Photography by Dylan Crawford

The ever-expanding city of Mumbai has put immense pressure on the natural environment. Mumbai’s largest river, the mighty Mithi, now turned into a stormwater drain, wends through the city carrying with it the garbage and the sewage of millions. On its banks is Dharavi, India’s largest slum – the second largest in Asia by some accounts.

Dylan Crawford, follows the river’s 18km journey from Vahir Lake to Mahim Bay, eventually emptying into the Arabian sea. The filth and squalor as seen from the Mithi’s point of view attempts to anthropomorphise the river that was once aptly named ‘sweet’ in the Marathi language.


tWS: A NEW day rises over the Mithi River and for all those who live on its banks. The city comes alive around it and for a moment the river looks beautiful as it reflects the sunrise.

tWS: A MAN cleans his clothes using detergent on the banks of the Mithi River in Mumbai. This is the only method of washing and general cleaning for many. The chemical run-off from their daily chores finds its way to the river. Older Mumbaikars remember swimming in the river as late as the 1980’s, something no one would even dream of doing now. 

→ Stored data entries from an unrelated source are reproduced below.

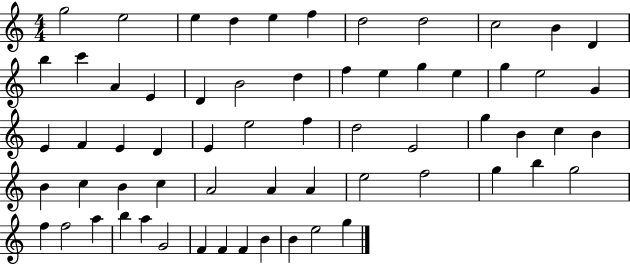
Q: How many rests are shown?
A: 0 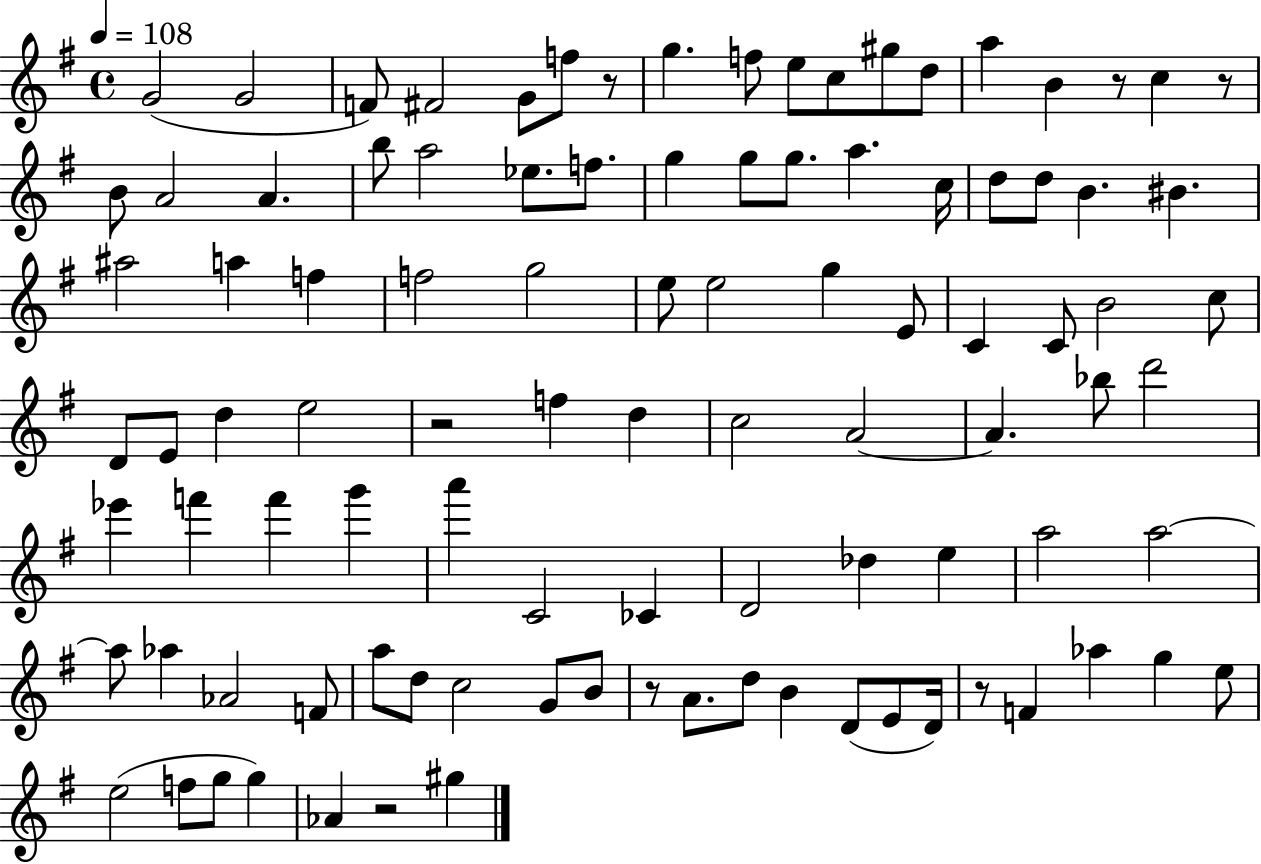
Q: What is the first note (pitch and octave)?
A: G4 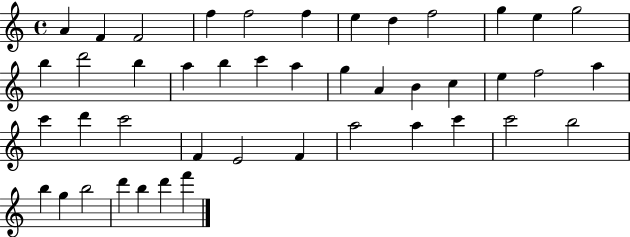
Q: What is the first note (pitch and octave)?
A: A4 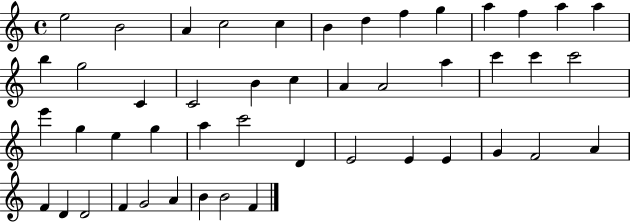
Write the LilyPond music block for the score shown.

{
  \clef treble
  \time 4/4
  \defaultTimeSignature
  \key c \major
  e''2 b'2 | a'4 c''2 c''4 | b'4 d''4 f''4 g''4 | a''4 f''4 a''4 a''4 | \break b''4 g''2 c'4 | c'2 b'4 c''4 | a'4 a'2 a''4 | c'''4 c'''4 c'''2 | \break e'''4 g''4 e''4 g''4 | a''4 c'''2 d'4 | e'2 e'4 e'4 | g'4 f'2 a'4 | \break f'4 d'4 d'2 | f'4 g'2 a'4 | b'4 b'2 f'4 | \bar "|."
} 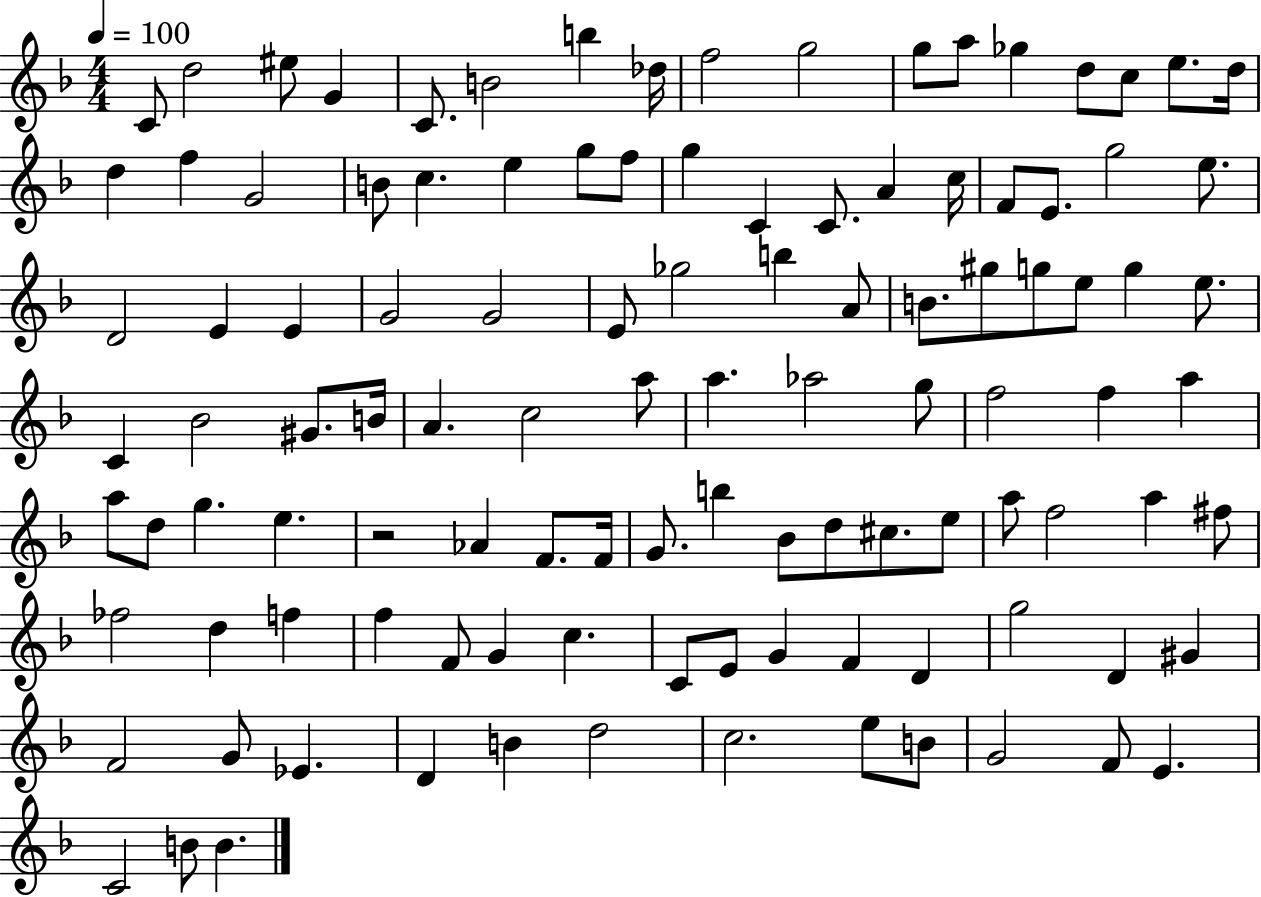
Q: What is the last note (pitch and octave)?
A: B4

tWS: A SIX-meter-high concrete walls separates the river from the surrounding rubbish tip, in a shortsighted attempt to prevent flooding. The 2005 flood devastated Mumbai. The Mithi, clogged with tonnes of garbage, struggled to cope with the 944mm of rain that fell in one day. The river broke its banks, flooding the city and killing 914 people. The floods cost the city a staggering $90 million. The panicked government came up with another band-aid solution, this six-meter-high concrete wall that traps the river and destroyed what was left of the ecosystem including thousands of mangrove trees that fringed its banks. It was the final nail in the coffin. The transformation of Mithi from river to sewage system was now complete

tWS: MATERIAL washes down the river until it reaches Mahim Bay. There it tangles onto the few mangroves that survive this hostile environment

tWS: THE Mithi River was in the way of progress for the city and so was diverted to allow the Chhatrapati Shivaji International Airport, located in the centre of the city, to expand. This destroyed estuaries and low-lying floodplains, increasing the chance of flooding.

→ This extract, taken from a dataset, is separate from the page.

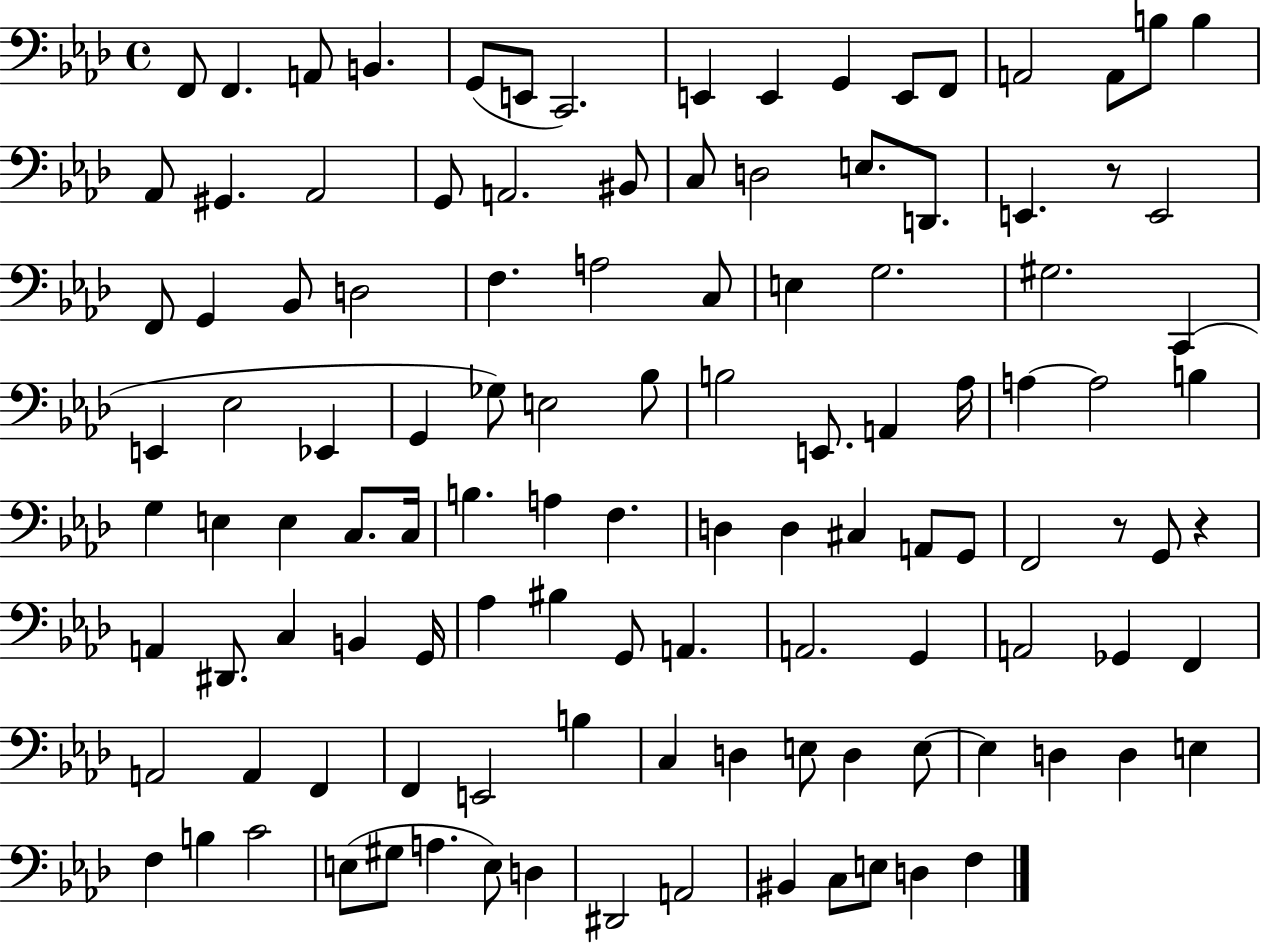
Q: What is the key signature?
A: AES major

tWS: THE Mithi empties into Mahim Bay bringing with it the city’s garbage. A small amount of the rubbish that flows into the Arabian sea washes back on the shores of Mumbai


tWS: BUT the polluted river remains a life-line for some. Immersed waist-deep in festering pollutants, men sifts through the trash found in the Mithi River in the hope of finding  recyclables.

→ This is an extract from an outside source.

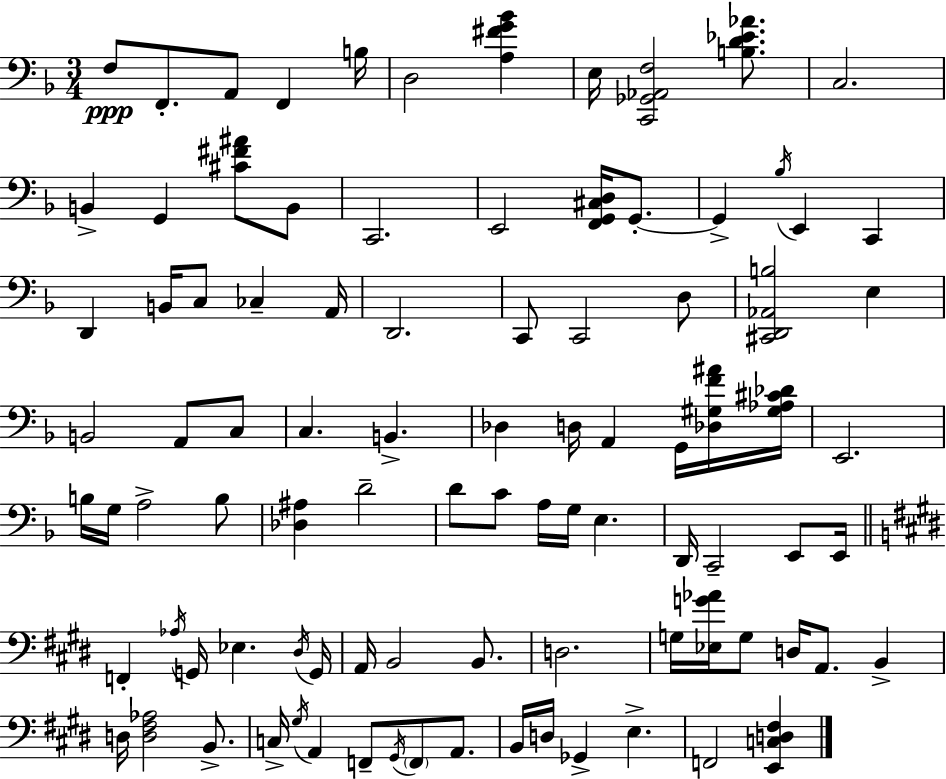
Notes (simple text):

tWS: THE lack of rain in the dry season leaves the river empty, save for small pockets of waste water that pool around the drains of the slums. To prevent the stagnant water from becoming a breeding ground for mosquitoes, volunteers use excavators to dig trenches to allow the water to flow. 

tWS: HUNDREDS of volunteers gather at the start of the Mithi River, which is a dry riverbed at this time, to separate the inorganic waste from the mud. The clean-up is organised by Eco-Activist Afroz Shah, in a bid to save Mumbai’s waterways. Shah is well known for his efforts to clean the beaches and rivers of Mumbai. What started as small movement now collects and recycles about 4,000 tons of trash every year.

tWS: A YOUNG volunteer adds to a growing pile of waste gathered while cleaning the riverbed.


tWS: THE polluted Mahim Bay separates  Mumbai’s high-rises from the fishing village slums. 

THE SUN sets on another day on the Mithi, as a garland from a nearby temple mingles with human waste on the river a city forgot.



Dylan Crawford is a final year photojournalism student focused enabling positive social change through visual storytelling. He was a finalist in this year’s Clarion awards for journalistic excellence in Queensland for his portrayal of indigenous protests during the 2018 Commonwealth Games. He is particularly interested in documenting environmental social justice issues.

OSSIE AWARD 2019: BEST PHOTOJOURNALISM BY AN UNDERGRADUATE OR POSTGRADUATE STUDENT

” The winning entry showed a clear understanding of the structure of a story telling essay. The images were strongly composed and had single image impact, inside the story. Each image continued to move the story forward with new information being given to the viewer with little repetition. Overall the work was edited and put together well with a good flow that engaged the viewer through until the end.”